Colorado Oil and Gas Conservation Commission

Co-author Niloufar Hafizi

The Colorado oil and gas industry breathed a collective sigh of relief when the state Supreme Court announced its unanimous decision in Colorado Oil and Gas Conservation Commission v. Martinez. The court sided with the Commission in rejecting a proposed rule by a group of teenage plaintiffs that would have precluded the Commission from issuing oil and gas drilling permits “unless the best available science demonstrates, and an independent, third-party conforms, that drilling can occur in a manner that does not cumulatively … impair Colorado’s atmosphere, water, wildlife, and water resources, does not adversely impact human health, and does not contribute to climate change” (Notice the skillful use of “and” and not “or”).
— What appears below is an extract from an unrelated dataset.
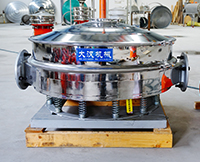 直排篩可分為單雙振動(dòng)源兩種，但其電機(jī)是懸掛在振動(dòng)篩框的外側(cè)，振動(dòng)理相對(duì)比較大。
After denying the request the Commission prevailed at the district court. The plaintiffs won a split court of appeals decision in which the majority concluded that the enabling statute – the Colorado Oil and Gas Conservation Act – authorized the Commission to condition a drilling permit on a finding of no adverse cumulative impacts to public health and the environment, and that the Commission had improperly refused to make a rule that was within its power.

The Supreme Court

The Supreme Court upheld the Commission’s ruling, focusing on the Commission’s primary reason for refusing the proposal: It did not have the statutory authority to impose the condition of “no cumulative adverse impacts” on a drilling permit application. The enabling statute identified multiple policy goals for the agency and contained a declaration of purpose stating how it was “in the public interest to…[f]oster the responsible, balanced development, production, and utilization of the natural resources of oil and gas in the state of Colorado in a manner consistent with protection of public health, safety, and welfare, including protection of the environment and wildlife resources.” [emphasis added] The Commission interpreted that language as a requirement to balance oil and gas production with the other concerns. The plaintiffs argued that “in a manner consistent with” is the equivalent of “subject to”.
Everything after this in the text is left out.